Crawled caption data:
┌──

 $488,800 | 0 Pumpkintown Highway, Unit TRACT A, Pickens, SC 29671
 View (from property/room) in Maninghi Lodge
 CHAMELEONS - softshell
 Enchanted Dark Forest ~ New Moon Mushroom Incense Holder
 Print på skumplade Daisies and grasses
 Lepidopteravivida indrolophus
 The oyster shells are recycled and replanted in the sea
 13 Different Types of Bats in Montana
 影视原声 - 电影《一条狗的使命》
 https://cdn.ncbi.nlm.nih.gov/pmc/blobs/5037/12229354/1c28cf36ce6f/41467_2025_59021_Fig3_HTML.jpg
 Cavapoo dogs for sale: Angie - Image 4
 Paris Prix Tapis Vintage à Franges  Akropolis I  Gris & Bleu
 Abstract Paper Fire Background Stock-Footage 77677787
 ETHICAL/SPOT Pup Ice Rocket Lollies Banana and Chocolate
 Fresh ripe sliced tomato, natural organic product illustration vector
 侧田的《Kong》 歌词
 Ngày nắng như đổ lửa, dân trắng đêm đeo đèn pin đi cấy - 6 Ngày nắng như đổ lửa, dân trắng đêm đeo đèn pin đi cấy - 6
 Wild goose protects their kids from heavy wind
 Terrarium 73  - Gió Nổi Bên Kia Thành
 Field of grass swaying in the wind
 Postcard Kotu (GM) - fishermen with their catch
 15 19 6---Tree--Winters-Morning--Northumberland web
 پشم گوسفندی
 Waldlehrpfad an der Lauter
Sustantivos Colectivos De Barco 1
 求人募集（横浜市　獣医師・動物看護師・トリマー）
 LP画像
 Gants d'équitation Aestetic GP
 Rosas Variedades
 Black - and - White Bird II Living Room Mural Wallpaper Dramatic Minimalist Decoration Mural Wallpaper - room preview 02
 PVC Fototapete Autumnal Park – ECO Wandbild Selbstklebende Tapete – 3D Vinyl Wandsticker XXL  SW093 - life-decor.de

└──

* Activity *
All that is needed is the line containing "Waldlehrpfad an der Lauter" and each line after it to the end of the data above, set down exactly.

* Exercise response *
 Waldlehrpfad an der Lauter
Sustantivos Colectivos De Barco 1
 求人募集（横浜市　獣医師・動物看護師・トリマー）
 LP画像
 Gants d'équitation Aestetic GP
 Rosas Variedades
 Black - and - White Bird II Living Room Mural Wallpaper Dramatic Minimalist Decoration Mural Wallpaper - room preview 02
 PVC Fototapete Autumnal Park – ECO Wandbild Selbstklebende Tapete – 3D Vinyl Wandsticker XXL  SW093 - life-decor.de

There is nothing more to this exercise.